Discussion.
The present study suggests the relationship between high NLR and PLR with all-cause mortality in patients with CKD. Thus, those patients who had a high NLR or PLR showed twice the risk of dying compared to those who had these ratios within normal limits. Our results are similar to a study conducted in 350 Japanese patients with CKD in stages 1 to 4, in which a high NLR was associated with a higher probability of requiring dialysis and death(15). Likewise, they are similar to a study done in 165 Turkish patients with CKD in stages 1 to 3 that found that a high NLR was associated with higher mortality from all causes(21). In contrast, Chinese patients with CKD in stages 1 to 4, did not find an association between NLR and cardiovascular mortality or of any cause(20). Methodological differences can explain these discrepancies. Although the study included a more significant number of patients (938) and was multicenter, it also had a smaller number of diabetic patients (23.8%) compared to the Japanese (37%), Turkish (41.4%) or in our study (30%), and could explain these differences, due to the higher mortality in diabetic patients(28). Similarly, the mean age of the Chinese patients was comparatively lower (52.8) than that of the patients in the Japanese (68), Turkish (73.8) and our studies (78.3), which is essential because older age is associated with higher mortality in CKD(29).
The association of NLR and survival is justified in that is a marker of inflammation that predicts complications and mortality in patients with chronic diseases. This biomarker indicates an imbalance between effector cells (neutrophils), which reflect oxidative stress and regulatory cells (lymphocytes), which decrease the pro-inflammatory state(30). This relationship between neutrophil count and lymphocyte count is a new measure of inflammation in different diseases with systemic inflammation such as CKD(31) Uncontrolled inflammation causes glomerular, tubular and interstitial damage that leads to renal hemodynamic imbalance and failure to control blood pressure(30).
Regarding PLR and mortality, we have similar findings to a study in patients with rapidly progressive glomerulonephritis in which both NLR and PRL were associated with mortality(32). However, a Turkish study no found association between PRL and mortality or the need of dialysis, but, the PRL group that died was a mean of 112 ± 267, while in our study a high PLR was considered as cut-off > 232.5(21). In that sense, another study found that relationship between PRL and mortality is not a linear relationship and that it can follow a curve in J-shaped that differs according to ethnicity (PLR≥83.18) and albumin (PLR ≥ 113.89)(42). It is likely that, as with NLR, systemic inflammation may play a fundamental role. Increase in platelets or an increase in lymphocytes is typical to find in patients with inflammatory states(33).
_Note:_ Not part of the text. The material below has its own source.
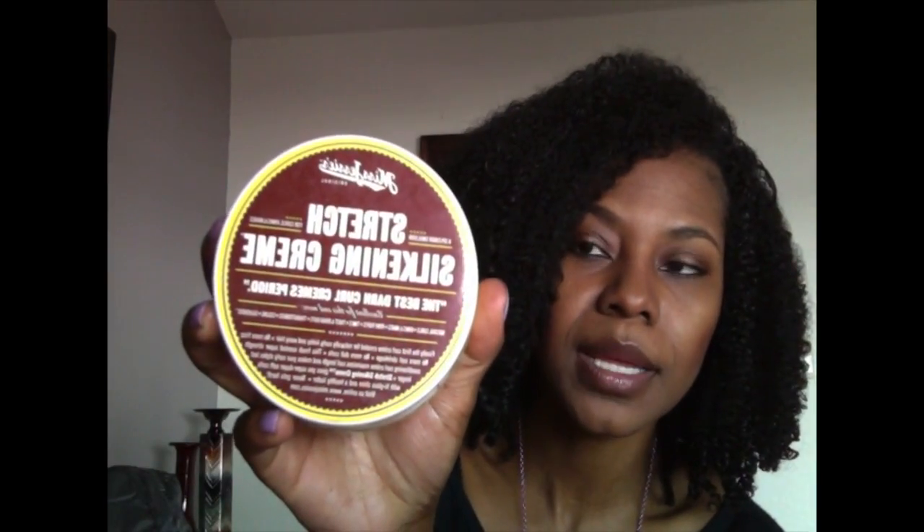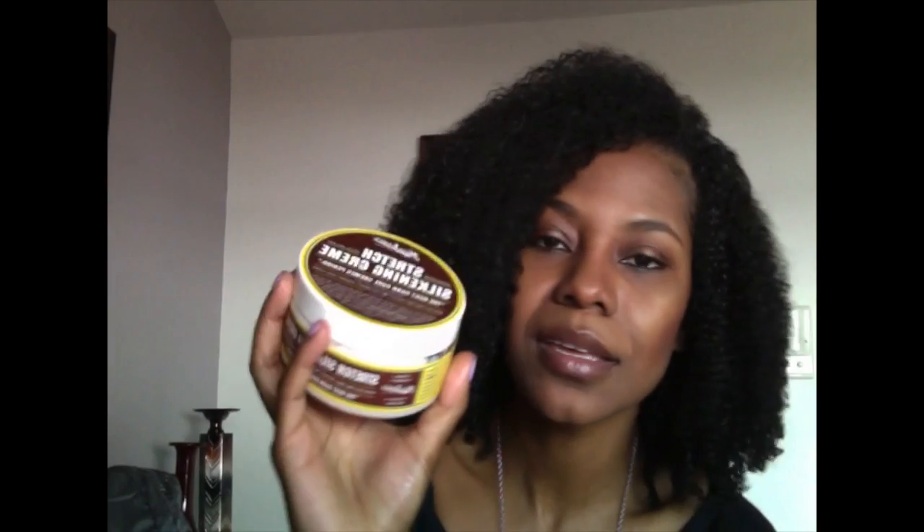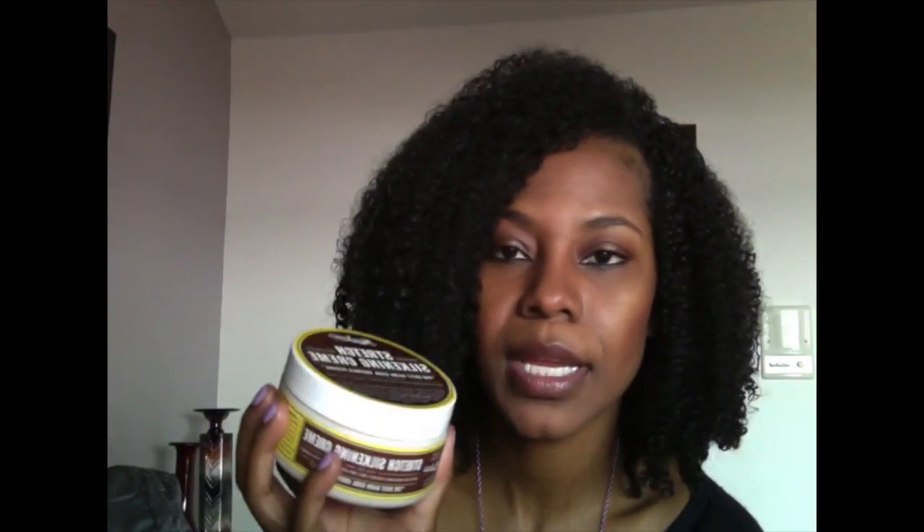I've tried the Stretch Silkening Cream and I really like it. I can use this as my go-to styler. It doesn't really stretch my curls though — nothing really stretches my curls, they're so tight. I've got major shrinkage.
Platelet release can be modulated by inflammatory cytokines as a mechanism for rapid recovery, while decreased lymphocytes may be due to increased lymphocyte apoptosis and suppressed lymphocyte production caused by high levels of cortisol in response to inflammation(33,34).
Although the association between NLR, PLR and mortality may be related to more significant inflammation, it would also be mediated by CKD progression, because in the advanced stages of the disease, there is higher mortality (34). However, after sensitivity analysis, removing stage 4 and 5 participants, lymphocyte ratios remained as an independent risk marker for mortality. This finding could suppose other additional routes to the progression of the disease to explain this association in our population. Moreover, several studies reported NLR and PLR associated with albuminuria (regardless of GFR) and decrease in GFR.(19,35). So, this finding becomes relevant due to the association between albuminuria, CKD progression, and mortality(32,33).
Our study has limitations. First, being a retrospective study, the data obtained could have deficiencies in its registration. Second, there is the possible inclusion of patients with subclinical inflammatory and infectious diseases, which are not registered in the SSCKD or RESULAB database. Third, no other possible factors that could potentially influence mortality, such as nutritional status, albuminuria, cardiovascular disease, obesity, smoking, and acute renal injury, have been evaluated. Fourth, by the design of our study, we can only assume that lymphocyte ratios are biomarkers of risk and not of causality. Finally, the measurement of the ratios has only been carried out at the beginning of the follow-up; therefore, we not evaluated variations in time and influence in the mortality.
In conclusion, our study suggests the relationship between high NLR and PLR with all-cause mortality in patients with CKD. The patients who had a high NLR or PLR showed twice the risk of dying compared to those who had these ratios within normal limits. These ratios are constructed with values usually collected in hemograms commonly used for patient follow-up. Being constructed based on a cheap and common exam and, due to our results, we believe that it could be considered within the usual practice in resource countries limited.